A lawsuit filed this week accuses MN is Ready, the leading organization lobbying for marijuana legalization in the state, of defaming the owners of two hemp businesses.
The complaint was filed by Nothing But Hemp owner Steven Brown and Plift co-owner Glenn McElfresh, who both sell hemp-based consumable products.
The lawsuit claims numerous false statements were made about the plaintiffs “at the urging or with the encouragement of directors, employees or persons affiliated with MN is Ready.”
These statements accused the plaintiffs of orchestrating a “baseless fraud campaign,” “treating women badly,” “deceiving the general public,” and more.
The lawsuit says this conduct was intended to have a “detrimental effect” on the plaintiffs and their business activities and seeks no less than $50,000 in damages.

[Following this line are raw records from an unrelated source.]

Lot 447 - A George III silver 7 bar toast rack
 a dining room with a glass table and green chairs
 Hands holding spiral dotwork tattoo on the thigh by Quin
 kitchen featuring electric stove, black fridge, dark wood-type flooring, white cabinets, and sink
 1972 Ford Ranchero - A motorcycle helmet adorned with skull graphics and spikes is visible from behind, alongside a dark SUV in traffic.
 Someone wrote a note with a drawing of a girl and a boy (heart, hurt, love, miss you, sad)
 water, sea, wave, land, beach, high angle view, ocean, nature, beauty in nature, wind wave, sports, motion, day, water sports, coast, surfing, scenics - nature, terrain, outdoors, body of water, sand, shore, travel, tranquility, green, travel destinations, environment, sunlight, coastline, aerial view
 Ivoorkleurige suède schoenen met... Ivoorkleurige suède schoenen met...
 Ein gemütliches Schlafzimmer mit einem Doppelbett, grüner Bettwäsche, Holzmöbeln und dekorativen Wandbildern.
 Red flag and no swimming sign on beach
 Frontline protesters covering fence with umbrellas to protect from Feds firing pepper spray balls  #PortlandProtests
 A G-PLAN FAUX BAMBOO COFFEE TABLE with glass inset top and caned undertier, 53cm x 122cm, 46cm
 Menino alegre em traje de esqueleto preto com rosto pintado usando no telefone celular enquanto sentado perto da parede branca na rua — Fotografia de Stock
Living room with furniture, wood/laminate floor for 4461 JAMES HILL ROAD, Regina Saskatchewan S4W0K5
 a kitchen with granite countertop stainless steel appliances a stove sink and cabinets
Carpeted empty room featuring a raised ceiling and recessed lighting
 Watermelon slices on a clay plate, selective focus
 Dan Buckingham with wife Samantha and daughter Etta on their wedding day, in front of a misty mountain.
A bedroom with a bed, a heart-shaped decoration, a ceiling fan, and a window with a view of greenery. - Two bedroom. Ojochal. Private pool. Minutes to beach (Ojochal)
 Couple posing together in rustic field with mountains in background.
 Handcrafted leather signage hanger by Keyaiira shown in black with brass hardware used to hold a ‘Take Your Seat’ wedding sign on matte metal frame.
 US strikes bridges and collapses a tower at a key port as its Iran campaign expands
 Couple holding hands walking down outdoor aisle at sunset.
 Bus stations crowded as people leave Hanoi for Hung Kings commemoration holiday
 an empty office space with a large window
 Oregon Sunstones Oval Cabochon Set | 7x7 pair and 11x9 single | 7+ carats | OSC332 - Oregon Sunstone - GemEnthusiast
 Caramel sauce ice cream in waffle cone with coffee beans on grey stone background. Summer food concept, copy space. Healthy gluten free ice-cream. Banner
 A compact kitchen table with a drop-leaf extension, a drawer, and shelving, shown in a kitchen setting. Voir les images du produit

“This lawsuit is exactly what it appears to be — a desperate political attack to try to stop adult-use legalization from passing by two of its most vocal opponents. Tomorrow, we will pass adult-use legalization in the Minnesota Senate and, in a few weeks, Governor Walz will sign it into law. After that, we look forward to fully litigating this frivolous public relations stunt,” MN is Ready told Alpha News in a statement Thursday.
McElfresh spoke at a press conference earlier this month alongside other hemp-based business owners who support legalization but have concerns with HF100, a bill to legalize adult-use cannabis in Minnesota. They said the bill favors big businesses over small Minnesota-based companies.
The bill passed the Minnesota House Tuesday and will be debated in the Senate Friday.
“This bill is a bit of a train wreck,” Senate Minority Leader Mark Johnson, R-East Grand Forks, said during a Friday press conference.
Sen. Carla Nelson, R-Rochester, the GOP lead on the bill, said the legislation is “just not ready.”
“There are many reasons for that. Public safety is number one,” she said. “We don’t have a reliable road test … for driving under the influence of cannabis.”
Nelson said legislators were under the impression that the bill wasn’t going to come to the floor for a vote until next session.
“I’m surprised that it’s being pushed so prematurely,” she said.
Gov. Tim Walz has promised to sign the legislation. If it passes the Senate Friday, it will take effect Aug. 1.